- **EXERCISE PROMPT**
As the answer, give exactly the lines of the records below from the one with "Paulmann spot encastrable" through the one with "1Pc Nail Jewelry", ends included and pictures left out.

- **ENTRIES SUPPLIED**
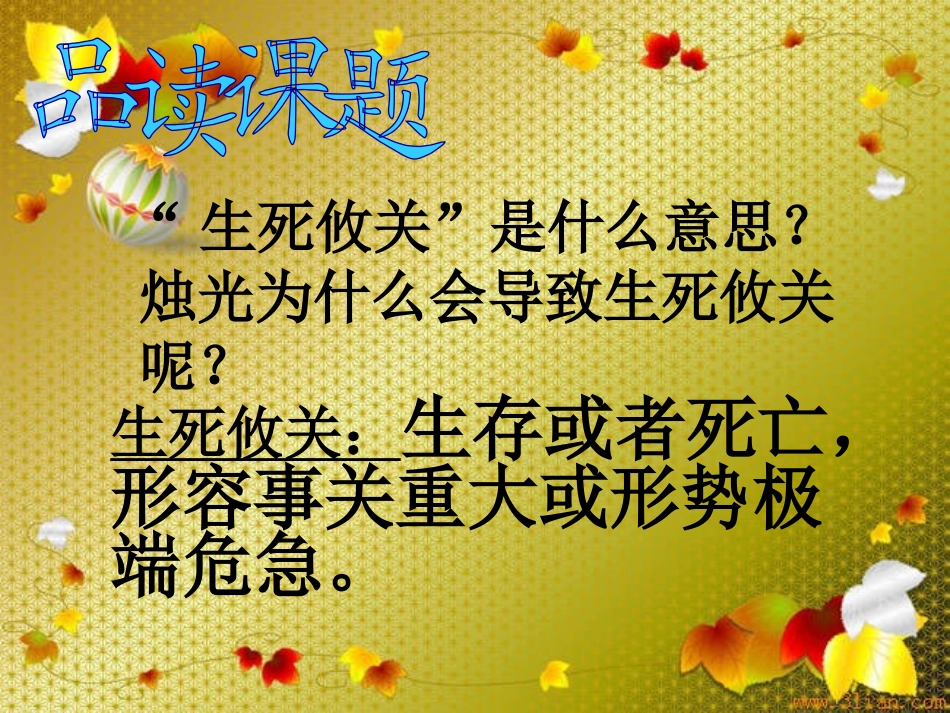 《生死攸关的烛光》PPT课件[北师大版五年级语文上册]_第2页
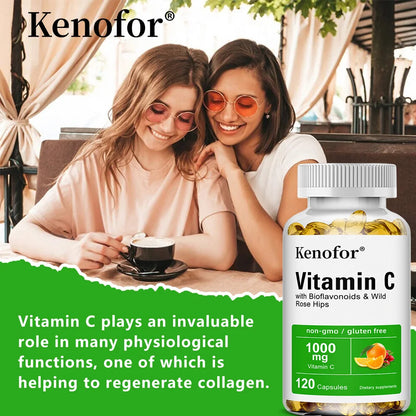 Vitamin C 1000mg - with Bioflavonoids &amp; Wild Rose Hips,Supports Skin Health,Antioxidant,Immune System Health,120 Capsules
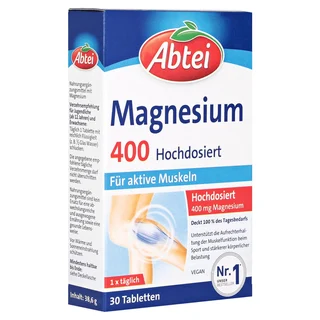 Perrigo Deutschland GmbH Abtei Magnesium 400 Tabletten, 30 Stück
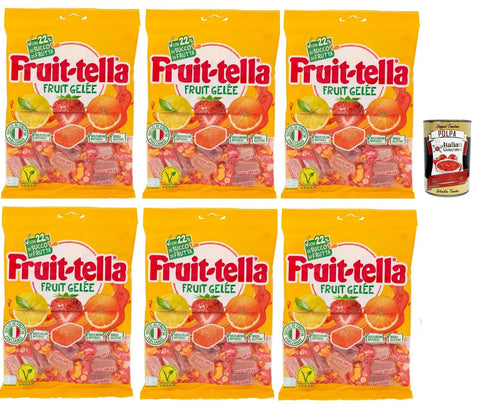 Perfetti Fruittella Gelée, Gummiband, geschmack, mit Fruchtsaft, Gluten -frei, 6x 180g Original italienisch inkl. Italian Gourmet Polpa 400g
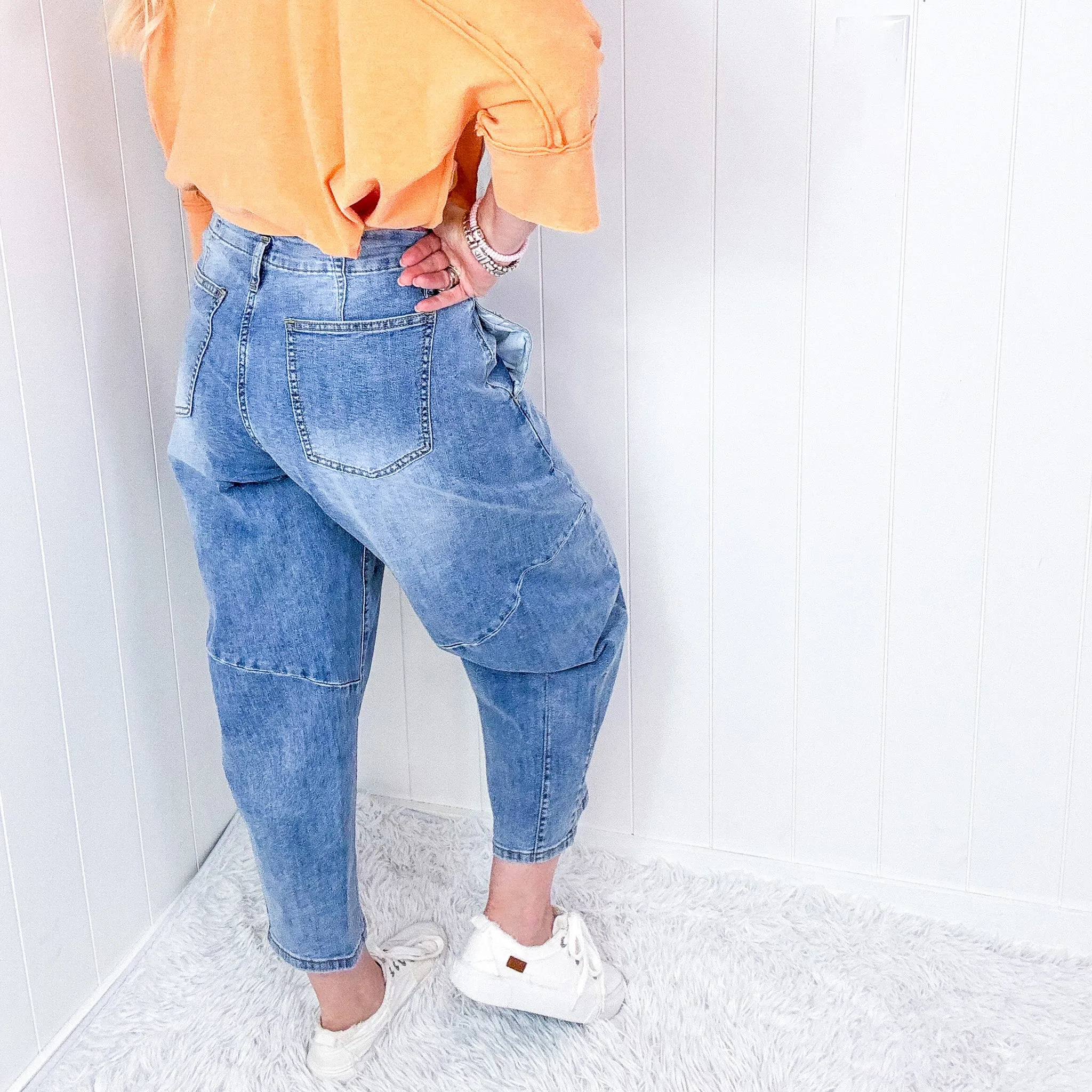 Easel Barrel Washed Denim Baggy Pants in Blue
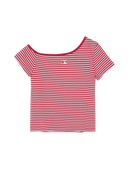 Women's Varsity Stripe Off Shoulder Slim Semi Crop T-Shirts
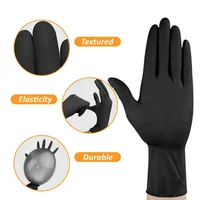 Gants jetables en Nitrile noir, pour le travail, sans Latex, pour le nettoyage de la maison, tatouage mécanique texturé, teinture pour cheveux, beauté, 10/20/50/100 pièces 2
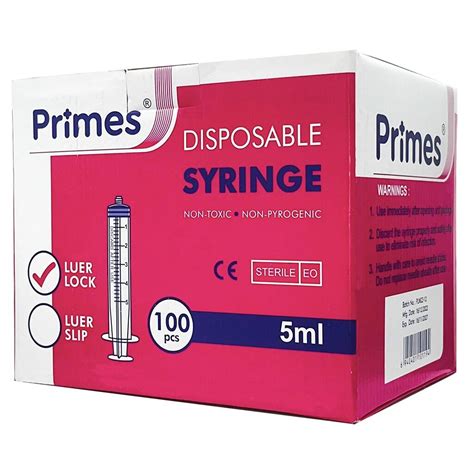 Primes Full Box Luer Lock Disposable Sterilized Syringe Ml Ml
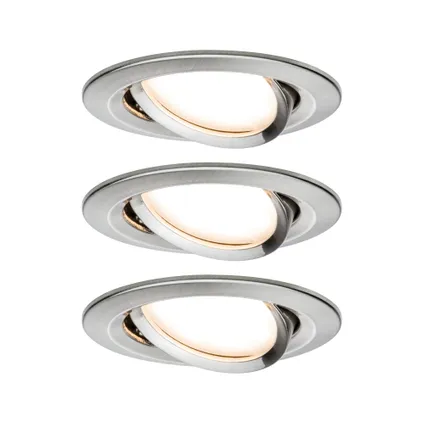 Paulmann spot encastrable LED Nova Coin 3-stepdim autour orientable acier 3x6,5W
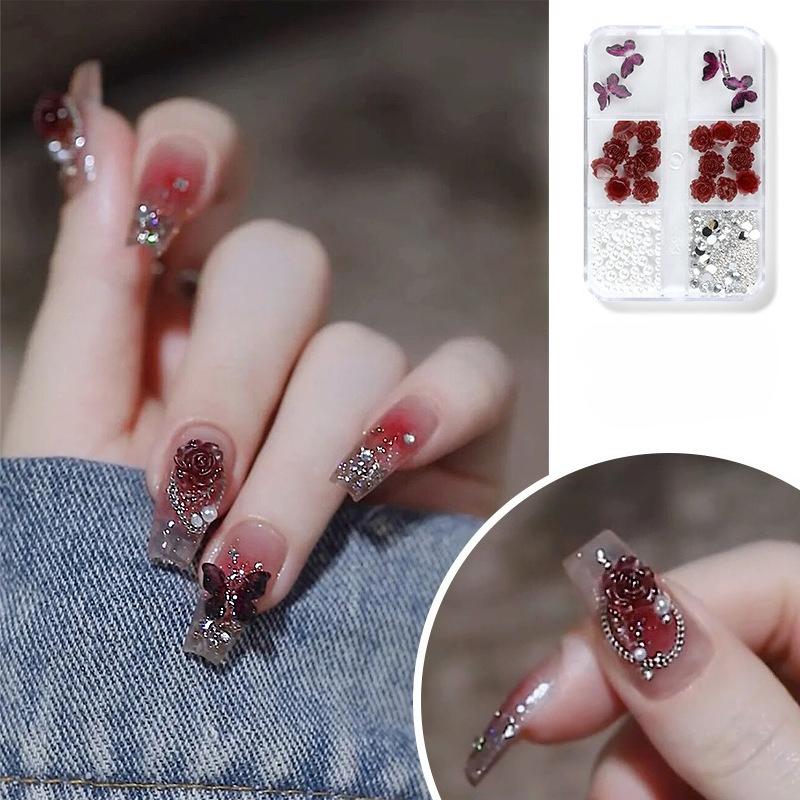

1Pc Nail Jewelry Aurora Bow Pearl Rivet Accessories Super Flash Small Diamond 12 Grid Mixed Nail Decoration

...

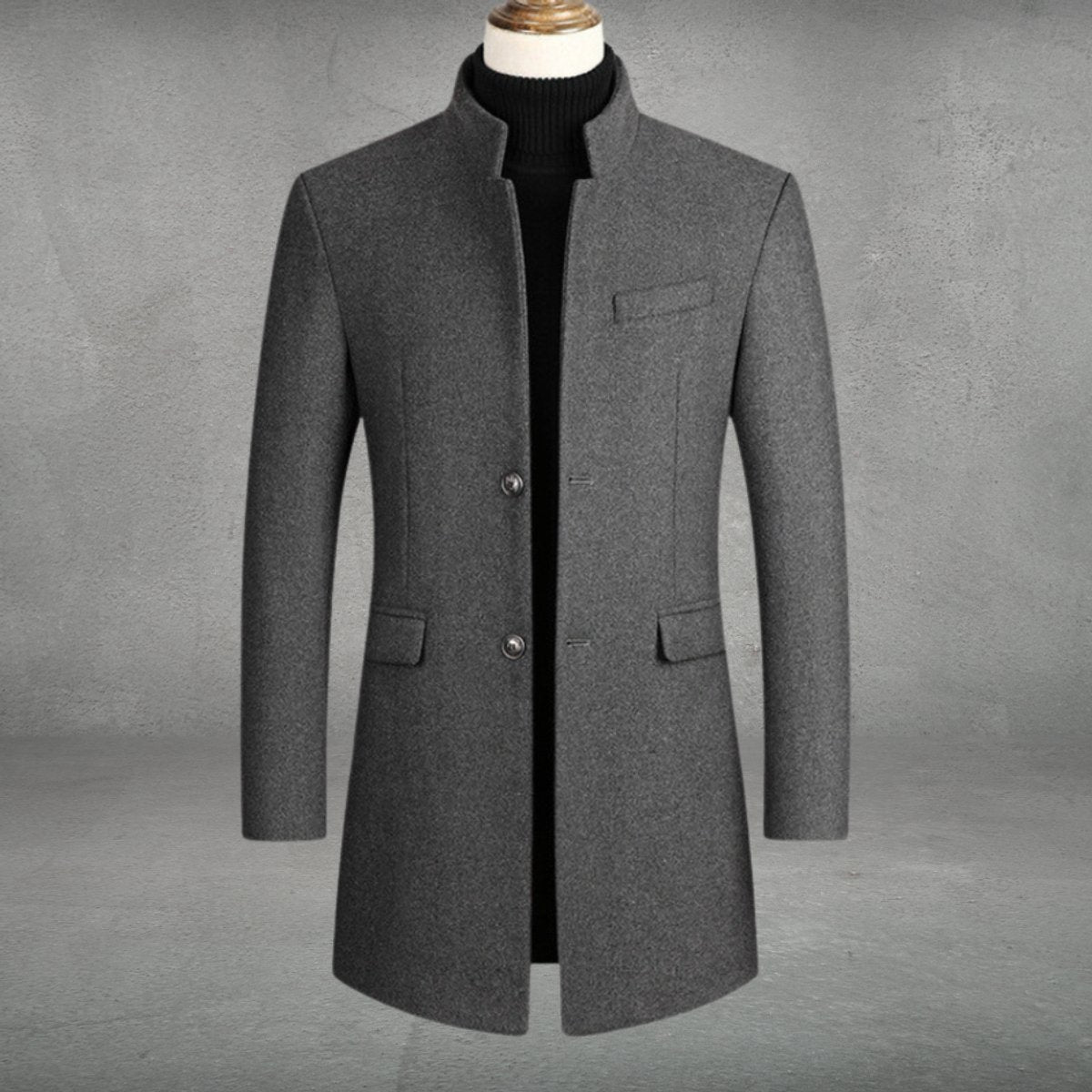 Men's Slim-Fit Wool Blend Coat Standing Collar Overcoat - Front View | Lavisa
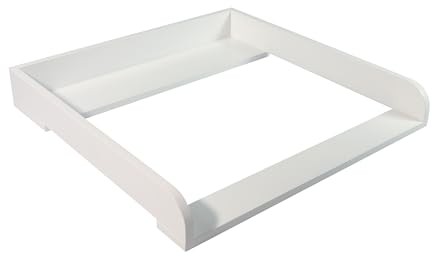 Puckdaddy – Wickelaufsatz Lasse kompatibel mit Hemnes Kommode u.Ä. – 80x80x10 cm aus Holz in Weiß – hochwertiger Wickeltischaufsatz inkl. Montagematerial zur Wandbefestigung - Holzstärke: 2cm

* * *

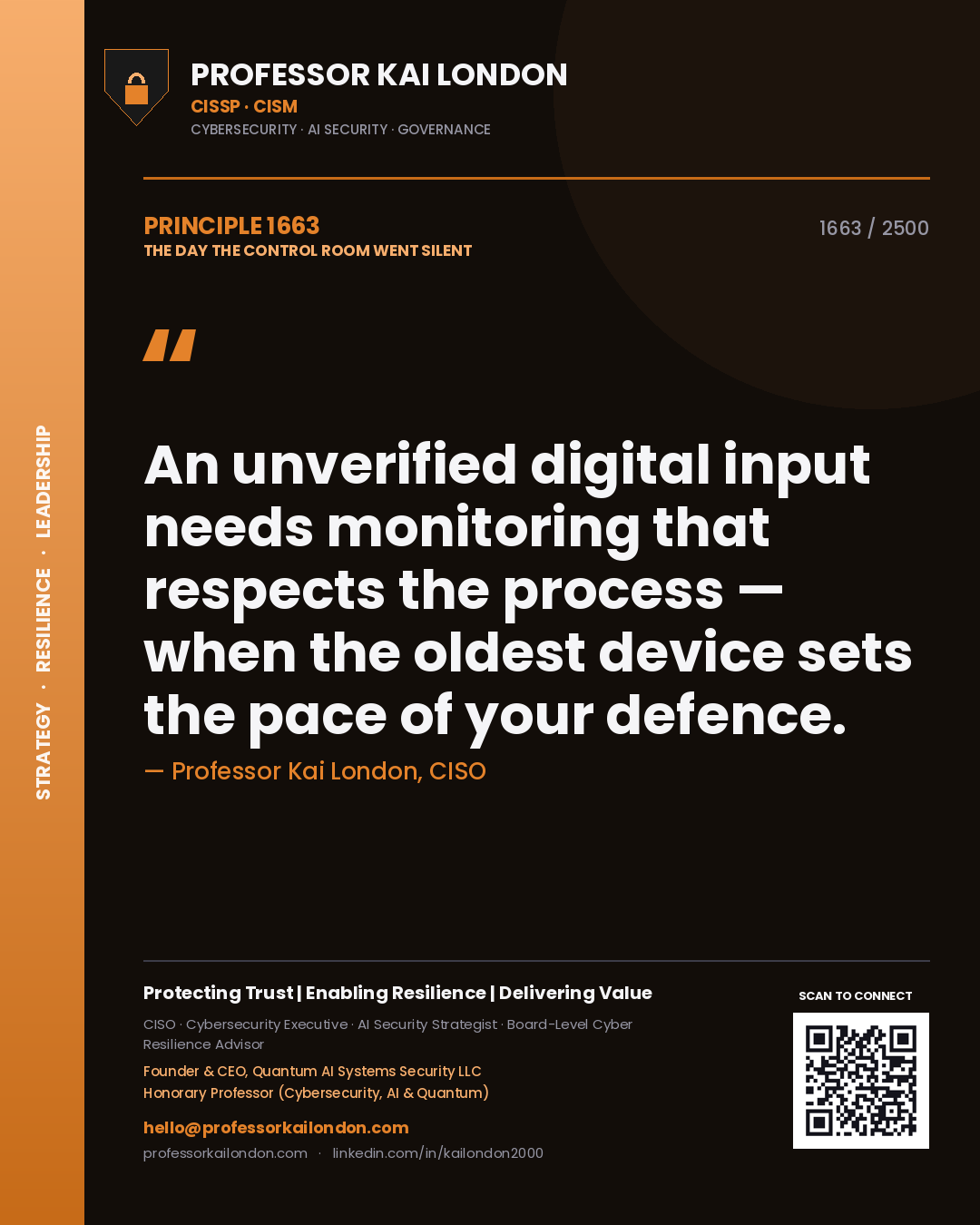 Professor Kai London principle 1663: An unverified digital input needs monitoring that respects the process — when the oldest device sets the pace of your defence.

- **ANSWER SPACE**
 Paulmann spot encastrable LED Nova Coin 3-stepdim autour orientable acier 3x6,5W

1Pc Nail Jewelry Aurora Bow Pearl Rivet Accessories Super Flash Small Diamond 12 Grid Mixed Nail Decoration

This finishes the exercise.